The MALDI-imaging analysis can obtain two-dimensional data. Studies have been conducted investigating LPC distribution in injured ischemic rat brain, ischemic porcine kidney and restenosis in injured rat carotid artery [[45], [46], [47]]. These studies reported an increase in LPC (18:1) at the injured site, and that the LPC levels were increased compared to the control by the time course (day 0 to day 14 of injury) [47]. In addition, LPC (20:4) and (22:6) have also been identified in murine normal airway by nanospray desorption electrospray ionization MS coupled to shear force microscopy [48], however, there have been no reports of LPC (22:5) by MS imaging. The present study focused on the expression of LPC in an iEC network, composed of an iEC network developed on matrigel by cell culture. The difference between the present study and previous reports are that previous studies focused on tissue sections including various cells, and on larger cell areas other than the iEC network, and different matrix or ion-modes were used for analysis of LPC expression.

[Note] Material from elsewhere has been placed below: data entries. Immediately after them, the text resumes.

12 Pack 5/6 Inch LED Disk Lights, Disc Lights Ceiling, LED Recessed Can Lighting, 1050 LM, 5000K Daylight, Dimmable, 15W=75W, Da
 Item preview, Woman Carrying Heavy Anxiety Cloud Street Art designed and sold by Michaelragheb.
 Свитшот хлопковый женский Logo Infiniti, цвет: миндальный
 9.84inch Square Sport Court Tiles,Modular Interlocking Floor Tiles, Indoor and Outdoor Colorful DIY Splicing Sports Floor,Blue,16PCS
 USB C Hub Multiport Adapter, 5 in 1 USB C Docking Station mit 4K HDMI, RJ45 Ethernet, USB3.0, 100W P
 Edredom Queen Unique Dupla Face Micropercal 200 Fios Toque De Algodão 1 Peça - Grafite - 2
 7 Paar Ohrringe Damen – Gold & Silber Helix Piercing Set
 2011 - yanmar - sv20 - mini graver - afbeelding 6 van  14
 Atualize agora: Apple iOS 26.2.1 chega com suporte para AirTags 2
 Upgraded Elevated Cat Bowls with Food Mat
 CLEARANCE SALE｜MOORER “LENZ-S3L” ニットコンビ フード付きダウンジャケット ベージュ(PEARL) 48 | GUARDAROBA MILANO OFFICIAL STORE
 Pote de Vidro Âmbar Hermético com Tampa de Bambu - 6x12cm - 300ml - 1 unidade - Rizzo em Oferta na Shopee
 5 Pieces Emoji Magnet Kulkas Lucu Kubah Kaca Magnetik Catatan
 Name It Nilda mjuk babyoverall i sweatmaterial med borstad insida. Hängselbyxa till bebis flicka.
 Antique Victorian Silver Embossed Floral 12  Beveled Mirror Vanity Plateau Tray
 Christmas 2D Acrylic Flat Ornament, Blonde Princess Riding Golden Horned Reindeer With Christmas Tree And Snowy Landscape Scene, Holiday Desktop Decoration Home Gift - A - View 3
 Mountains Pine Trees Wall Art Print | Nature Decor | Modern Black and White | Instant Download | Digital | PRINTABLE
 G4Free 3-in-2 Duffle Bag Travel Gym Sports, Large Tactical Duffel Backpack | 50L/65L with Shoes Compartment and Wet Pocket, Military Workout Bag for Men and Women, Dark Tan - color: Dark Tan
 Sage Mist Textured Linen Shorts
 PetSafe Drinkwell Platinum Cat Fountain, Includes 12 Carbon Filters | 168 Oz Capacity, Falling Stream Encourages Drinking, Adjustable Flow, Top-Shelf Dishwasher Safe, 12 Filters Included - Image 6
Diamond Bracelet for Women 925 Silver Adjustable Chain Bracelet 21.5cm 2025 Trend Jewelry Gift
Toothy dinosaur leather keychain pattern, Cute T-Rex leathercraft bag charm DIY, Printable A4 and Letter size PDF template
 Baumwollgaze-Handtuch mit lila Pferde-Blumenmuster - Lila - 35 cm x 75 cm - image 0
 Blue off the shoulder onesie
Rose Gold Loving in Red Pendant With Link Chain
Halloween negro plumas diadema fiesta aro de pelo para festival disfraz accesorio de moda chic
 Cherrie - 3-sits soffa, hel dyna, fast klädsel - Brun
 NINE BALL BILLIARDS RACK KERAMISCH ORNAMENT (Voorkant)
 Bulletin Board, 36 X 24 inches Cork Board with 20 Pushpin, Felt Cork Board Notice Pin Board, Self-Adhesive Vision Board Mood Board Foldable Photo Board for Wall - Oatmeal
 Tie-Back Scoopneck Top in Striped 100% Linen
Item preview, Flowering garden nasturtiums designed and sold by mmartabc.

The present study reports findings of LPC expression using a co-culture cell model with HPMSCs and an iEC network. Several studies have reported metabolic changes of stem cell transplant by IMS analysis [49,50]. IMS analysis has revealed that glioma stem cell transplants to the murine brain lowers PA, diacylglycerol (DAG) metabolism [49], and bone marrow derived mesenchymal stem cells (BM-MSC) in injured left soleus muscle of rat altered protein changes at the transplant site [50]. Limitations of this study are lack of some comparison data in iEC network regarding oxidative, glycative or lipoxidative stresses with or without HPMSC. To efficacy of HPMSC on iEC network, those various stimulations and the observational experiments with time-course during co-culture would be needed. Taken together, the co-culture model reported in the current study may be useful in the evaluation of the HPMSC effects on the metabolic changes of disease derived iEC network, by stimulating various compound or using disease-derived iEC network, however, further experiments are needed for practical use.

Conclusion

The findings of the present study indicate that a model of co-culture iEC network and HPMSC may be beneficial in determining the expression of lipids in a disease state. Furthermore, LPC (22:5) was abundant in the iEC network, and MALDI-imaging analysis was useful in identifying the distribution of lipids in the iEC network.

Declaration of competing interest

None of the authors have any conflict of interests.